GPT-5.5

Summary

GPT-5.5 is OpenAI's flagship agentic model, released April 24, 2026, with a 1-million-token context window — a 4x expansion over GPT-5.4. It is the first model to cross the OSWorld-V agentic-desktop human baseline at 75% (vs. 72.4% human).

Overview

GPT-5.5 is OpenAI's flagship model, released April 24, 2026, and the model that — in industry coverage — is widely cited as the moment frontier LLMs crossed credibly from "chat tools" to "autonomous digital coworkers." The signature result: 75% on the OSWorld-V agentic-desktop benchmark, modestly above the cited 72.4% human baseline, on a benchmark that requires the model to autonomously execute multi-step workflows across desktop applications. Combined with a 1-million-token context window — a 4x expansion over GPT-5.4 — GPT-5.5 became OpenAI's bid to dominate the agentic productivity workflow space.

In early May 2026, OpenAI promoted GPT-5.5 Instant as the new default ChatGPT model, putting the new long-context, agentic-workflow capabilities in front of free and Plus tiers. A higher-capability variant, GPT-5.5 Pro, is also available at substantially higher pricing for the most demanding workloads.

Specifications

  • Developer: OpenAI
  • Release Date: April 24, 2026 (API GA); GPT-5.5 Instant became default ChatGPT model May 5, 2026
  • Type: Large Language Model (LLM); agentic; multimodal
  • Context Window: 1,000,000 tokens (4x GPT-5.4's 256K)
  • Variants: GPT-5.5 (standard), GPT-5.5 Pro (highest capability), GPT-5.5 Instant (ChatGPT default)
  • Pricing:
    • GPT-5.5: $5 per million input tokens / $30 per million output tokens
    • GPT-5.5 Pro: $30 per million input tokens / $180 per million output tokens
  • Access: OpenAI Responses and Chat Completions APIs; ChatGPT (Instant variant as default)

Capabilities

1M Token Context (headline feature): ~750,000 words — equivalent to 6–8 full-length novels or codebases of tens of thousands of lines — held in a single context window.

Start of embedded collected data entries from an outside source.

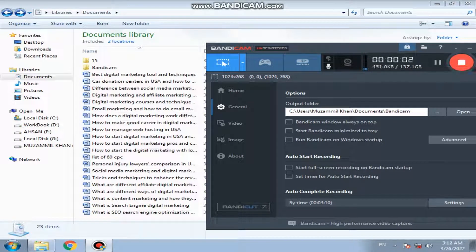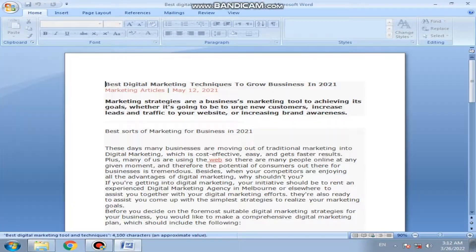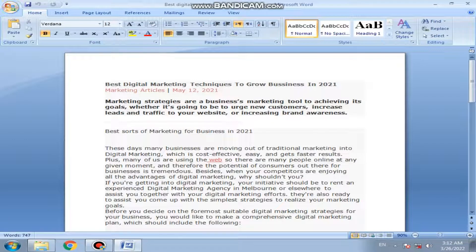Hello guys. Best Digital Marketing Tools and Techniques — Best Digital Marketing Technique to Grow Business in 2021. Marketing strategies are a business marketing tool to achieve its goals, whether it's going to be to urge new customers, to increase lead and traffic to your website, or to increase brand awareness.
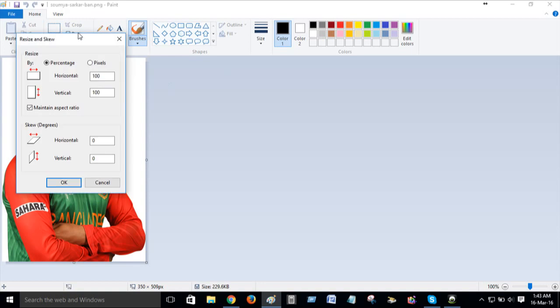Press resize, then it's pixel. If we are changing this to percentage, then you cannot change this arrow. Or if you change to custom, then you can change this arrow. Then here, type anything.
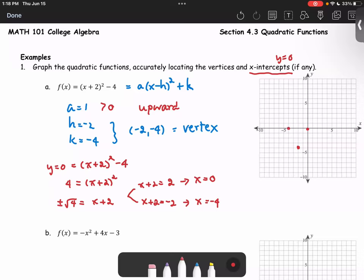The graph has a leading coefficient of 1, which is positive, so it's just the basic graph shape but with a translation — moving the vertex from (0, 0) to (negative 2, negative 4).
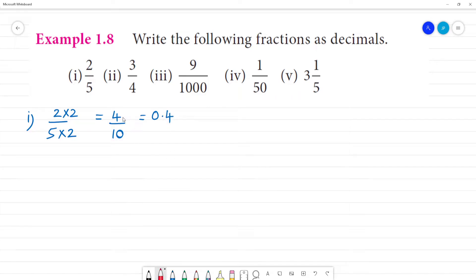Move the point to the left side — move 1 digit.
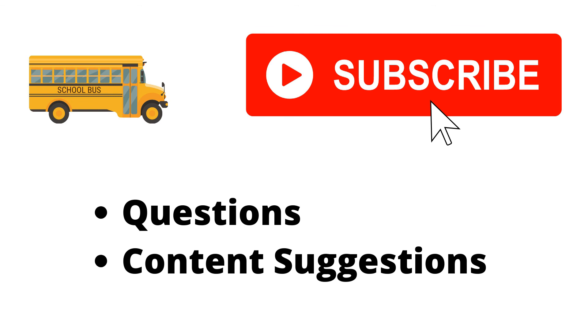Thank you for watching the video. If you haven't already, make sure to hit the subscribe button. If you have any questions or content suggestions, just let me know in the comments and I'll try my best to answer everyone.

Long-Context Retrieval: At 512K–1M tokens, GPT-5.5 scores 74.0% on long-context retrieval evaluations vs. 36.6% for GPT-5.4 — more than double, indicating that long-context performance is genuine rather than nominal.

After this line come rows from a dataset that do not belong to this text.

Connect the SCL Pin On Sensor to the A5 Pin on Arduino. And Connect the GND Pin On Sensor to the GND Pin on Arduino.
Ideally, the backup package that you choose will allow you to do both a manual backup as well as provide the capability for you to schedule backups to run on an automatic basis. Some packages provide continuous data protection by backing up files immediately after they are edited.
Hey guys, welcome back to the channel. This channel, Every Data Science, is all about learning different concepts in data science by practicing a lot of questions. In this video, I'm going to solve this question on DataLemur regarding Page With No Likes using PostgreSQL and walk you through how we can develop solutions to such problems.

Autonomous Desktop Workflows: Crosses the OSWorld-V human baseline at 75% (vs. 72.4% human), representing autonomous multi-step execution across desktop software — file management, application use, structured data manipulation. This is the result that drives the "frontier models are now digital coworkers" framing.

Agentic Reasoning: OpenAI describes GPT-5.5 as its smartest and most intuitive model — one that understands what a user is trying to do faster and carries more of the work itself rather than waiting for step-by-step instructions.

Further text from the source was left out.